(Captioned web image data)
# # #

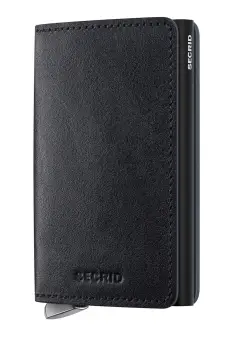 Secrid portofel de piele BASCO culoarea bleumarin imagine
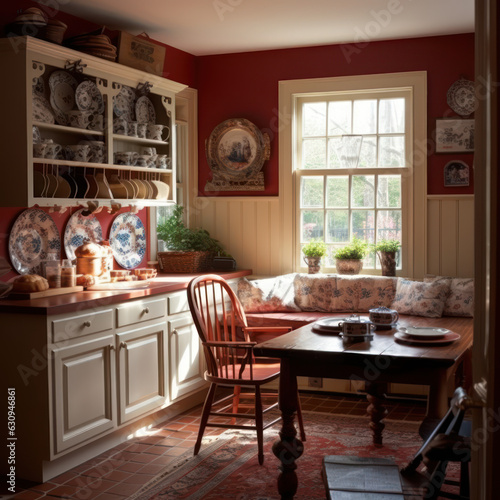 classic colonial style red and white kitchen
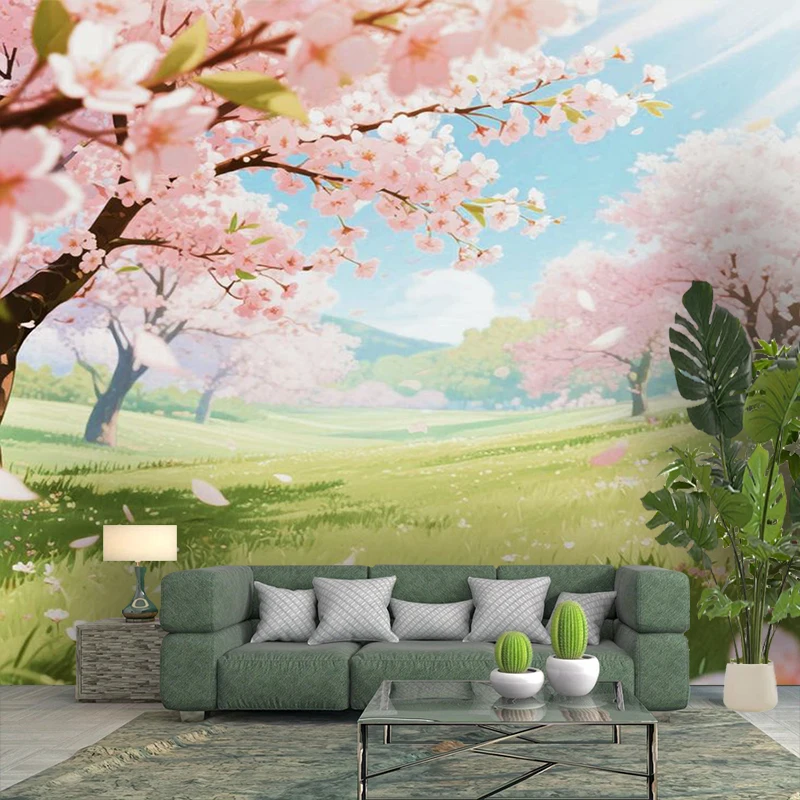 1PC Cherry Blossom Meadow Anime Print Backdrop Banner, Bedroom Living Room Photo Background, Polyester, Home Decor, Wall Art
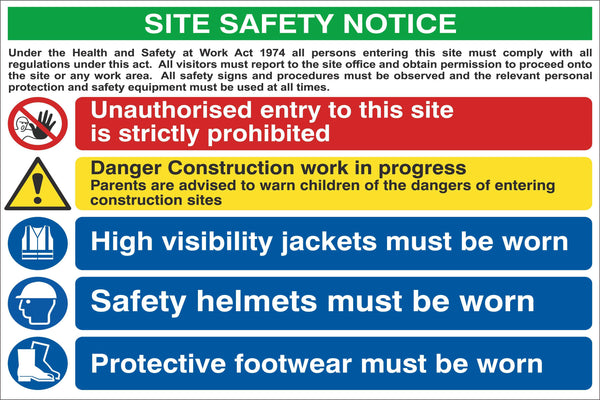 Site Safety Notice - Unauthorised Entry is Prohibited Sign, Self Adhesive Vinyl, 1mm PVC, 5mm Correx Board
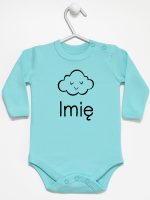 chmurka z imieniem niemowlaka body z długim rękawem kolor miętowy 106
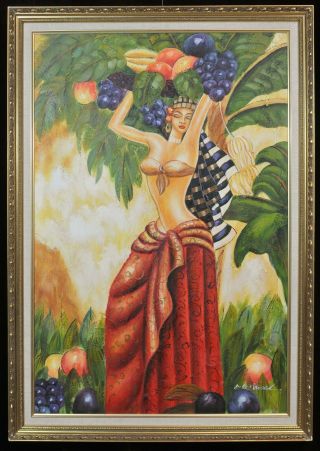 Vintage oil on canvas.  Woman with tropical fruit,  M.  Harold.  1980’s 2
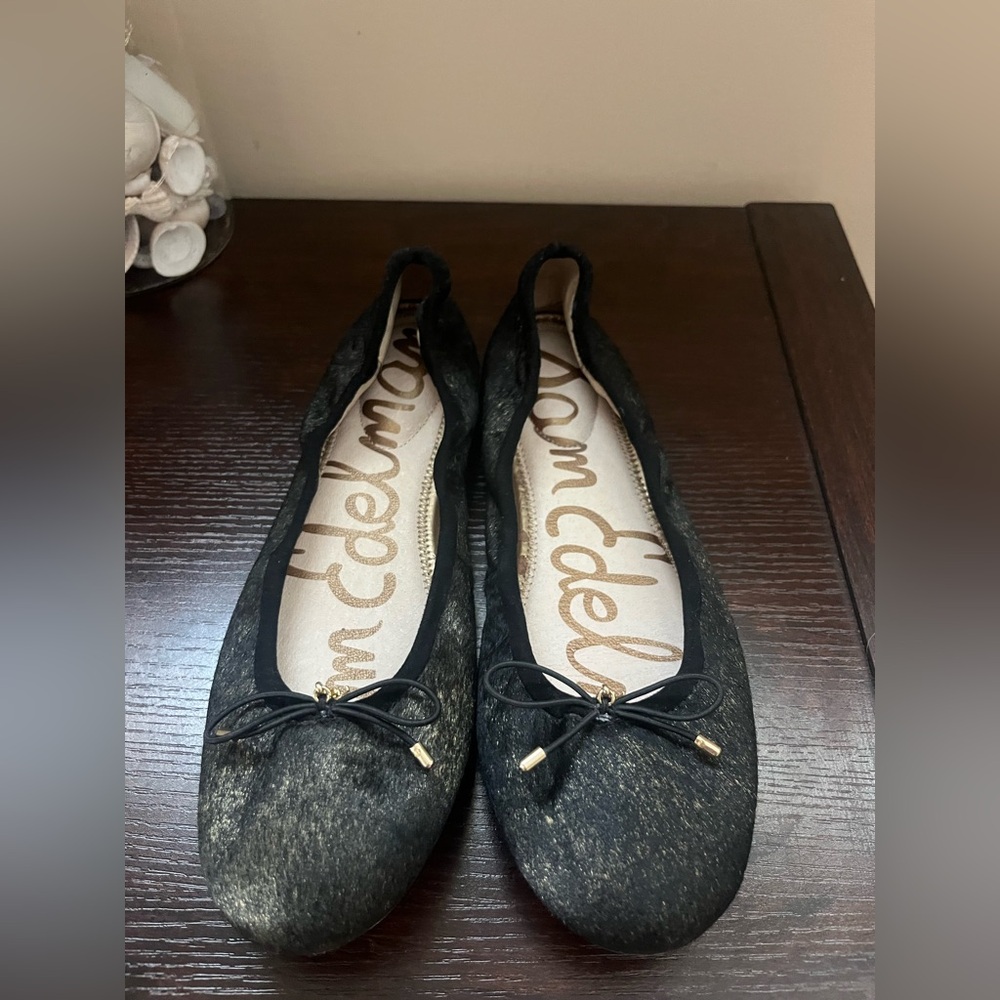 Sam Edelman Black and Gold Felicia Leather Calf Hair Ballet Flats size 8
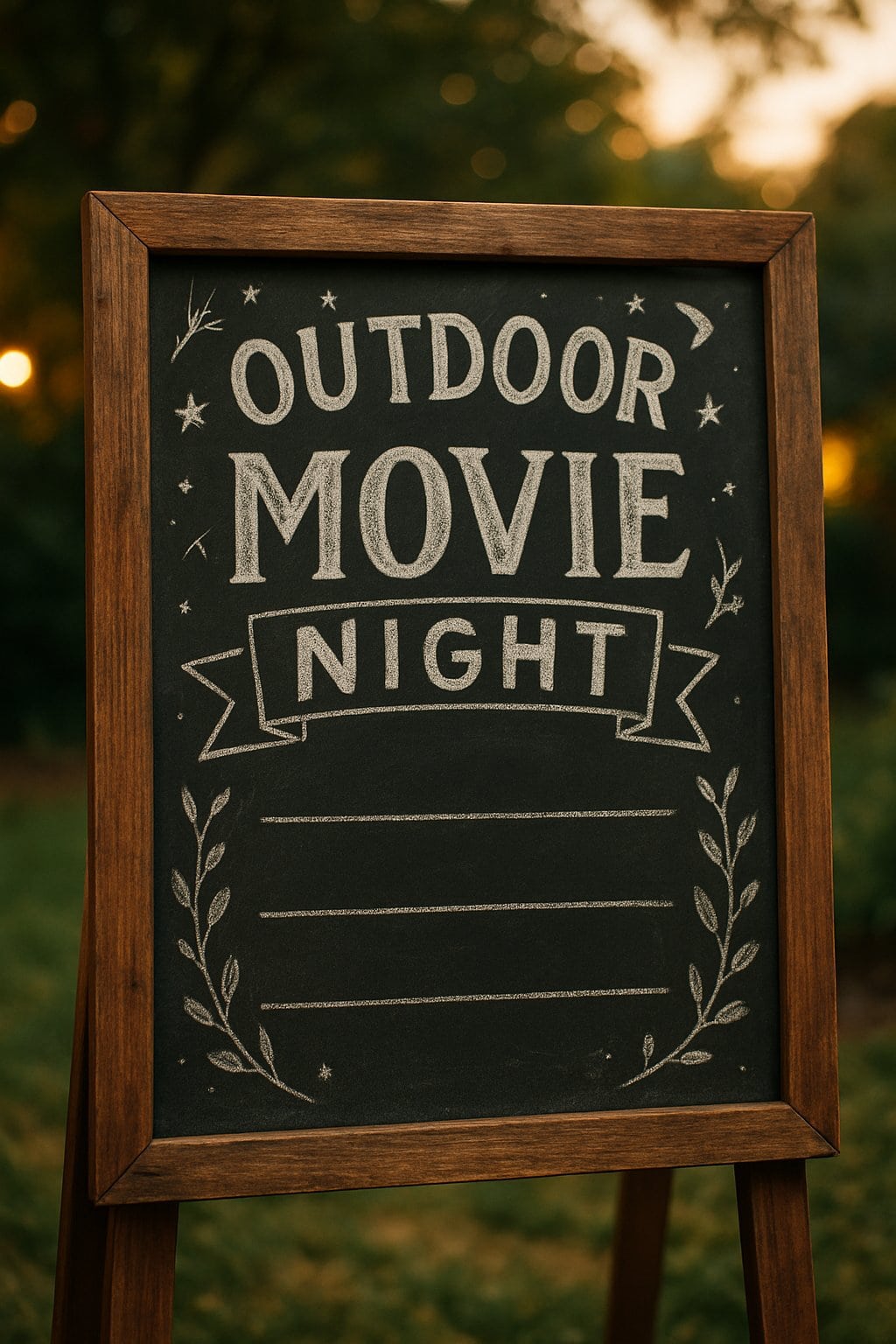 A wood-framed chalkboard sign outdoors with artistic white chalk designs and summer-themed illustrations, set against a garden background.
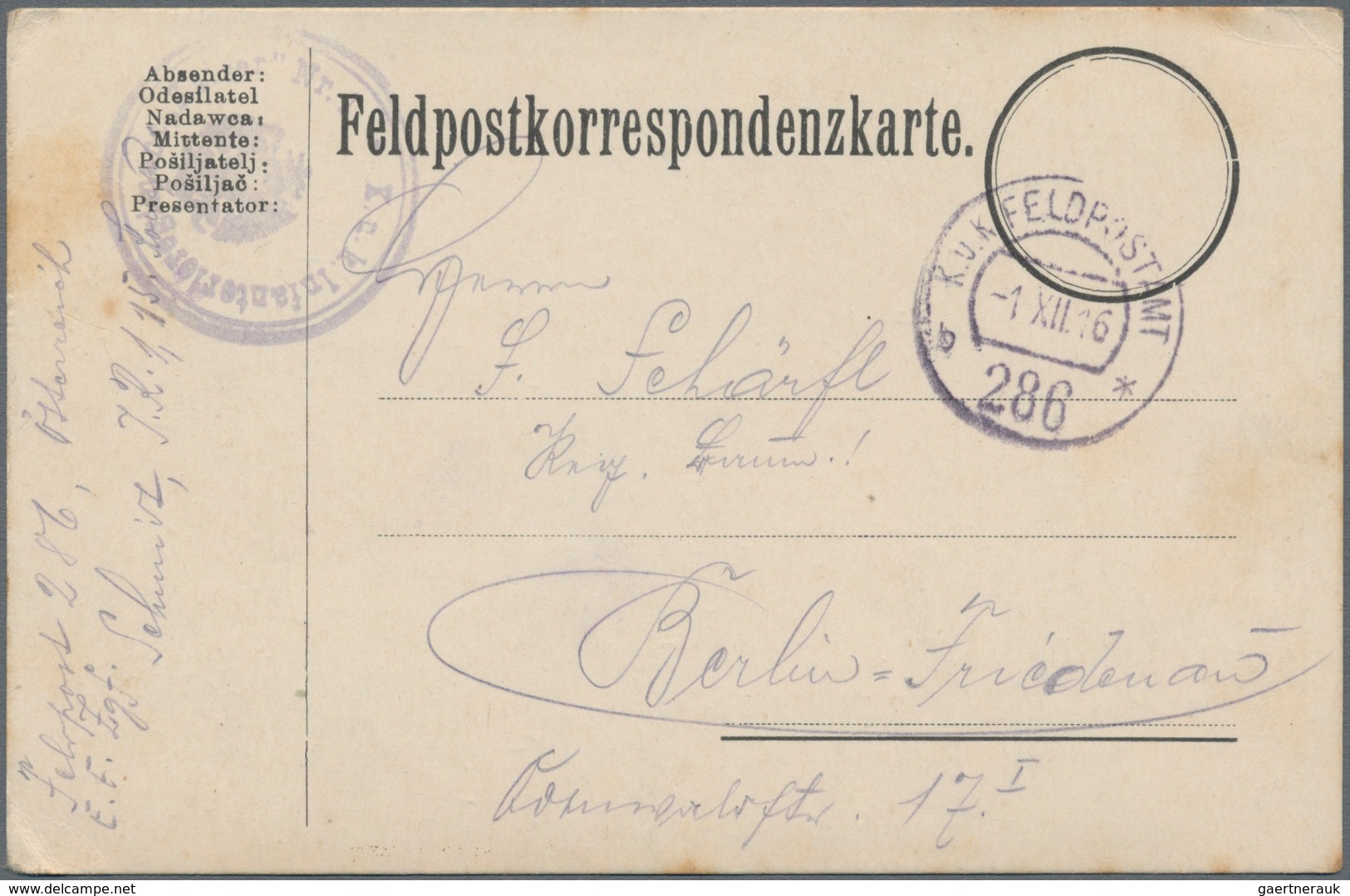 Österreich - Besonderheiten: 1916/18, Ca. 13 Formularkarten Für Die Feldpost, Verschiedene Typen, So - Autres & Non Classés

# # #

→ **Required action**
Output, exactly and without pictures, the lines above that run from the one containing "A wood-framed chalkboard" through the last line of the entries, inclusive.

→ **Task response**
 A wood-framed chalkboard sign outdoors with artistic white chalk designs and summer-themed illustrations, set against a garden background.
 Österreich - Besonderheiten: 1916/18, Ca. 13 Formularkarten Für Die Feldpost, Verschiedene Typen, So - Autres & Non Classés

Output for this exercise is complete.